The pound plunged below $1.27 for the first time since 1985 on Wednesday (5 October), before staging a minor recovery from historic lows brought on by UK Prime Minister Theresa May's announcement that her government would trigger Article 50 – the prelude to exit talks from the European Union – by the end of March 2017.

Earlier in the session, the pound fell versus the greenback to $1.2687, before rising by a modest 0.09% to $1.2740 at 3:30pm BST, still lurking in the region of 31-year lows. The British currency also took a tumble versus the euro before recovering to €1.13770, up 0.23% intraday.

Kit Juckes, head of forex at Societe Generale and IBTimes UK columnist, there is no "new news" to drive sterling lower on Wednesday morning (October 5).
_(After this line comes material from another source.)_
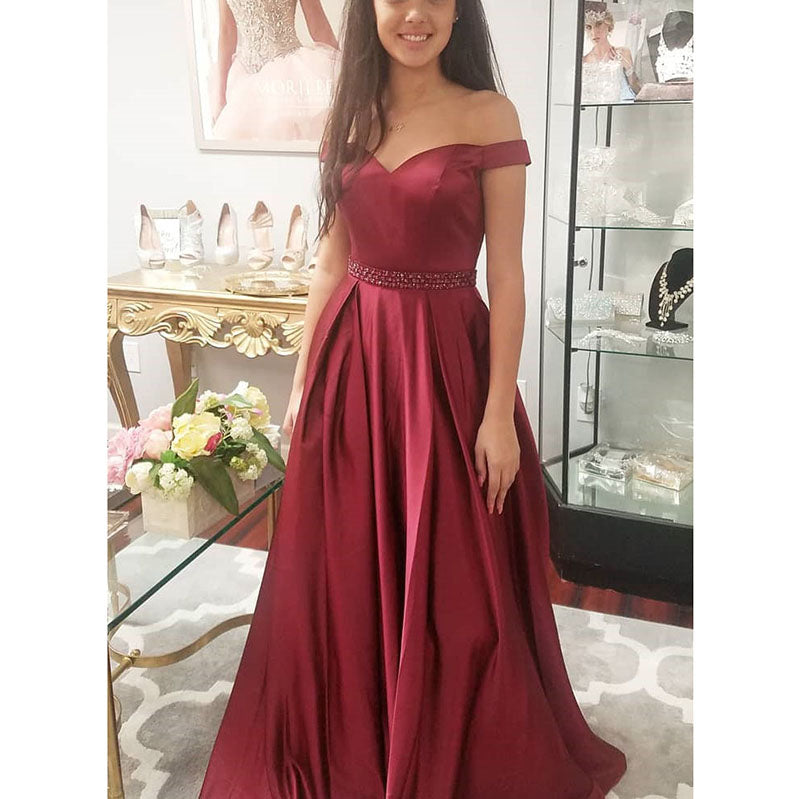 Fancy Off Shoulder Burgundy Senior Prom Dresses with Beading Belt 2020 Satin A Line Girls Formal Party Gown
"The Conservative party conference keeps social media busy and newspapers full of things to write about, but the implosion of Ukip probably tells us everything we need to know about where the Conservatives stand on the political spectrum now.
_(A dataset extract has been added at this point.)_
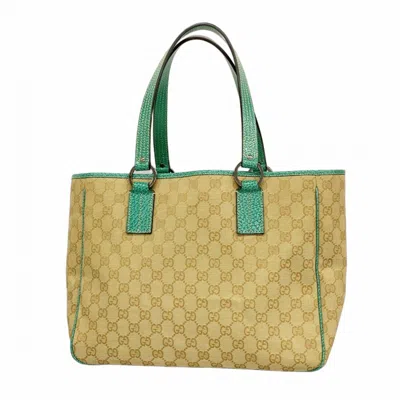 Pre-owned Gucci Beige Green Canvas Tote Bag () In Multi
"There's nothing to justify more sterling weakness today, plenty of reasons to think a short-covering rally is due, and even more reasons to remain strategically bearish and short versus the Norwegian krone, euro and dollar."

Away from the pound, the euro remained relatively flat versus the dollar changing hands at $1.1199, down 0.04%. Meanwhile, the US dollar registered gains well into the European session, rising 0.14%, and 0.55% versus the Canadian dollar and yen, changing hands at CAD$1.3210 and ¥103.47 respectively.
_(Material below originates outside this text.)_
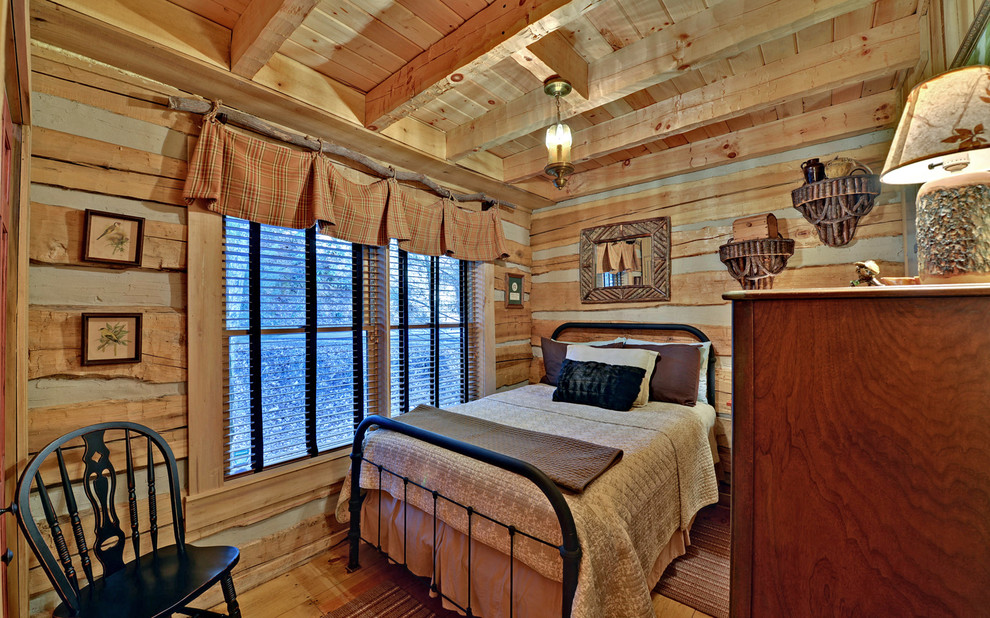 Wooden Curtain Rods Bedroom Traditional with Blue Ridge Cabins Envision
FXTM chief market strategist Hussein Sayed said upcoming data will be crucial for the greenback, with Friday's non-farm payrolls report likely to be a key indicator to shape expectations for the Fed's December meeting.

"The US economy is expected to add 170,000 jobs in September, compared with 151,000 in August, meanwhile unemployment rate has been forecast to hold steady at 4.9%. Average earnings, forecast to rise to 0.3% in September from 0.1% in August, will share the same importance as the headline figure, as it might suggest that the American labour market has finally started to tighten."